Therefore, before we look into how to prepare the object, we first see how we can open the Shiny interface and how to explore the results using it. The analysis mentioned in the previous section has been prepared and shipped together with xcmsViewer package. We can open it as below:

library(xcmsViewer)
xcmsViewer( system.file("extdata", package = "xcmsViewer") )

Users must first load data using the dropdown box in the top-right corner. This interface is build based on the omicsViewer package. You can find a tutorial for the interface here. There is only one object in this example. Usually, we have at least two datasets in actual experiments, one for the negative mode and one for the positive mode.

The left panel

After loading the data, we see a few tabs on the left-panel, we will mainly check a few unique features at xcmsViewer (as compared to omicsViewer):

Feature In this tab, every point is a feature, which are usually shown in a two-dimensional space. Some of the features could be annotated with known metabolites. By default, the x-axis is retention time and the y-axis is the mass-to-charge ratio (Figure 2).

Figure 2: Feature space defined by retention time (the x-axis) and mass (the y-axis).

We can also visualize features in other two-dimensional spaces defined by any statistical results. For example, in this experiment, we used a t-test to compare groups A and B. We can use a volcano plot to visualize the results of differential expression. To show features in a volcano plot, users need to change the x- and y-axis by selecting the dropdown box of “x-axis” and “y-axis” on top, that is, the x-axis should be set to mean difference (mean.diff), and the y-axis is should be log transformed p-values (log.pvalue). Of note, the mean difference is on the log10 scale, which means 1 (or -1) on the x-axis indicate a 10-fold difference in the original scale.

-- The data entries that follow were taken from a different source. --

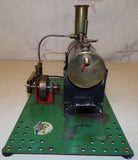 Luton Bowman PW203 Live Steam Stationary Engine 1940's.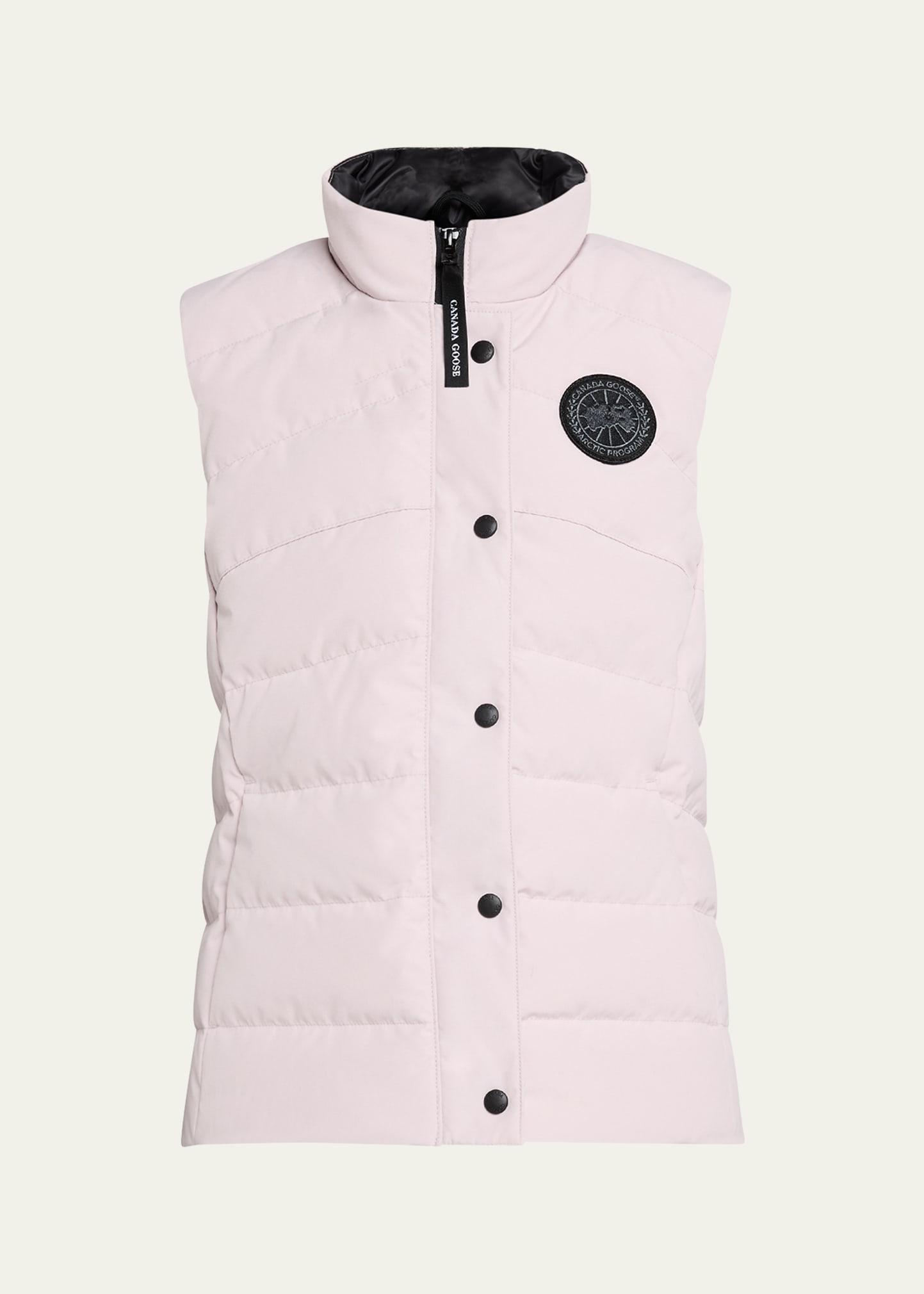 freestyle artic tech® water-repellant down vest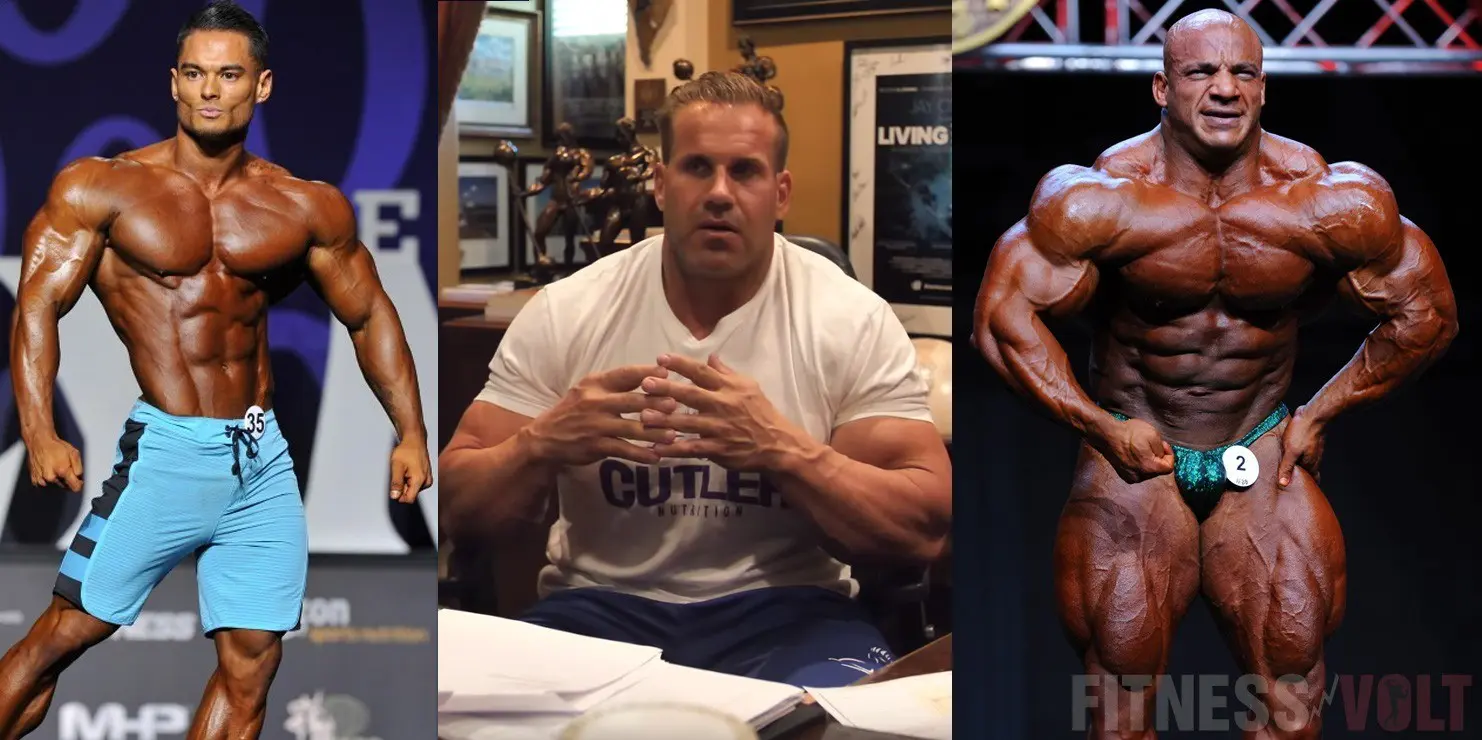 Jay Cutler Future of Bodybuilding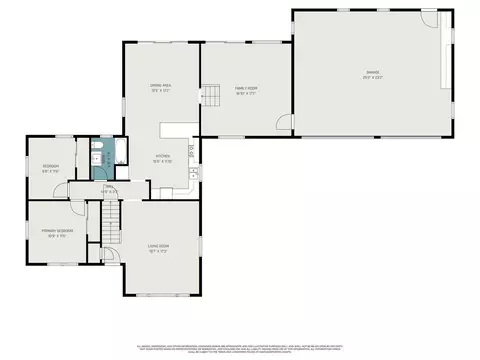Floorplan - 503 W Gilson St, Edmore, MI 48829 photo 4 of 6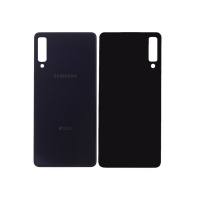 Samsung Galaxy A7 2018 (A750F) Back Cover (Black)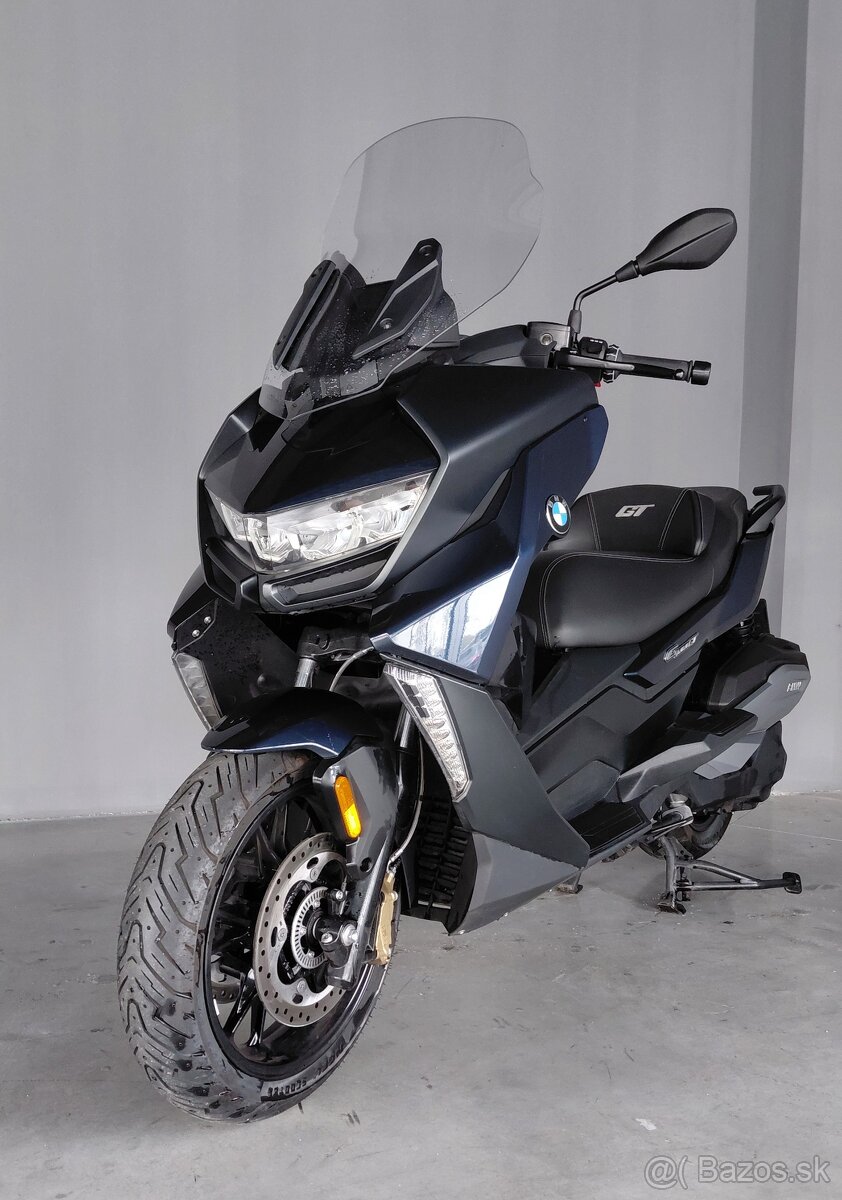 BMW C400 GT - 12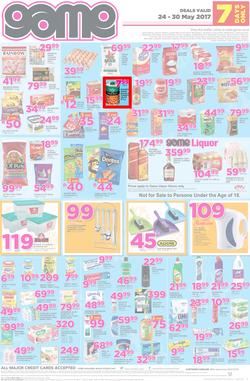 Game JHB : Nobody Beats Our Winter Basket (24 May - 30 May 2017), page 2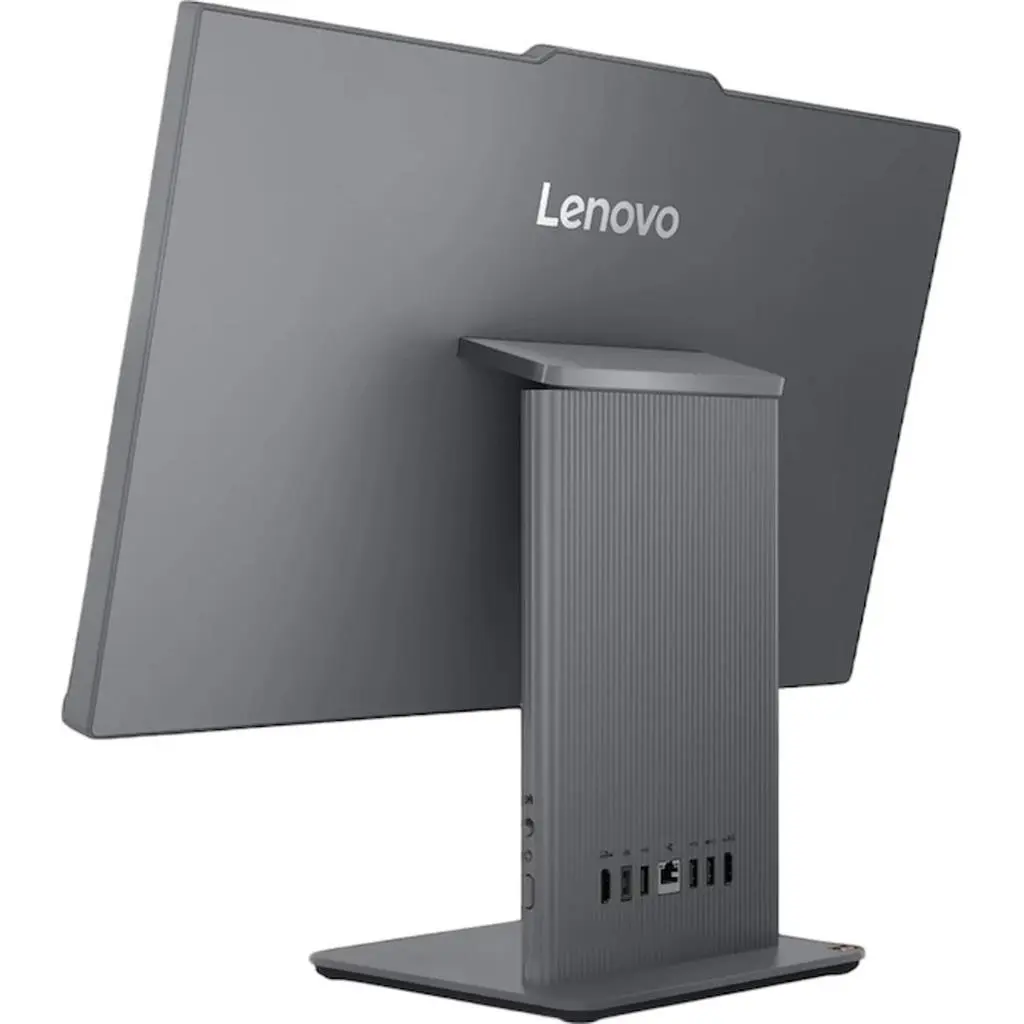 All-in-One Lenovo IdeaCentre 3 24AKP10 Luna Grey R AI 7 350 16Gb 512Gb, gri închis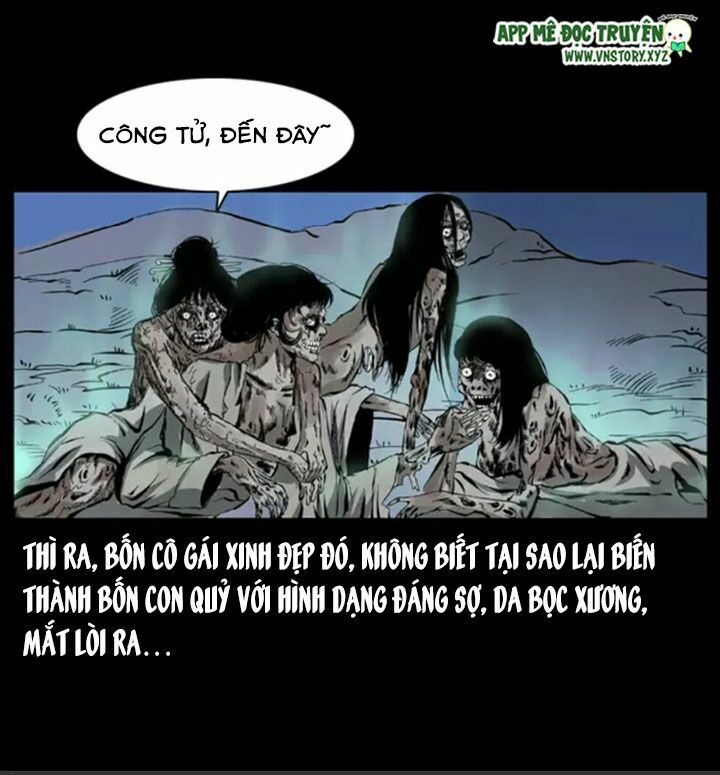 Đọc truyện U Minh Ngụy Tượng - Chap 44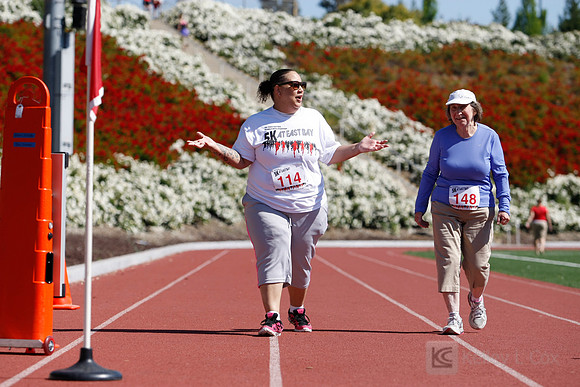 Hayward Hills 5K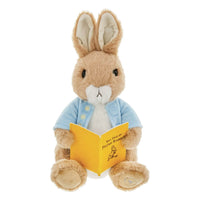 Peter Rabbit : Storytime Talking Plush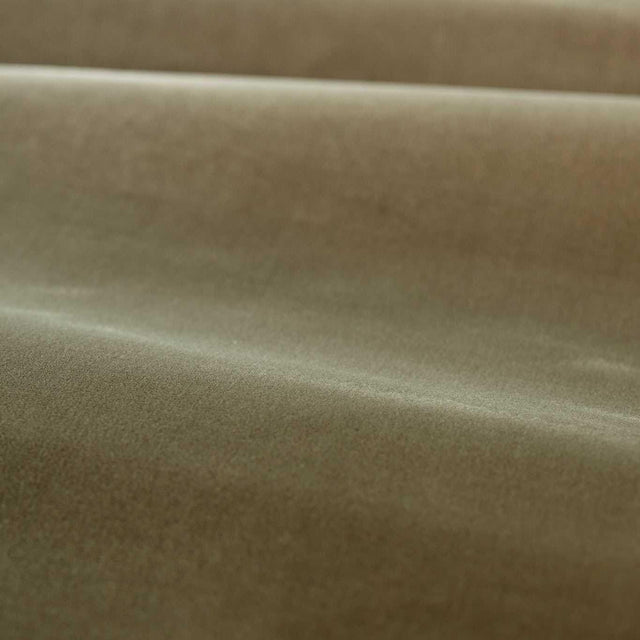 Zoffany Cotton Velvet Performance Antique Linen Fabric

Users can use the box or lasso selection function to select features from the figures. The selected feature will be shown in the Feature table and sent to the right panel for downstream analysis.

Figure 3: Feature space defined by mean difference (x-axis) and log transformed p-values (y-axis).

When a single feature is selected from this tab or Feature table tab, usually it is helpful to check the chromatogram and the match of MS2 spectra (if available). This could be done by checking the Annotation tab on the right panel (see below for more information).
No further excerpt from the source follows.